··· Records for the task
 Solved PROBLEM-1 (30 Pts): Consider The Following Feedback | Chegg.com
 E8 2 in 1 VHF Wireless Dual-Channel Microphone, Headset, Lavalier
······
··· Records for the task
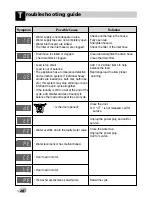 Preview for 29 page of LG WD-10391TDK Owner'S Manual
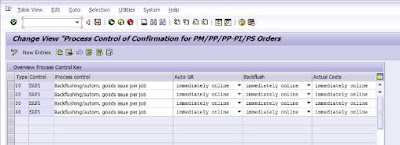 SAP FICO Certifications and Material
······
··· Records for the task
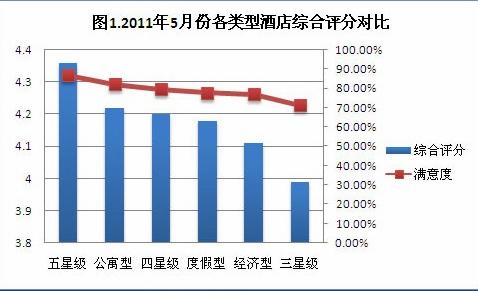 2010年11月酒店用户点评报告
······
=== Your objective ===
Copy the lines of the data above exactly as written, beginning with the line containing "Solved PROBLEM-1 (30" and ending with the line containing "E8 2 in 1 VHF", and leave out all other lines.

=== Response ===
 Solved PROBLEM-1 (30 Pts): Consider The Following Feedback | Chegg.com
 E8 2 in 1 VHF Wireless Dual-Channel Microphone, Headset, Lavalier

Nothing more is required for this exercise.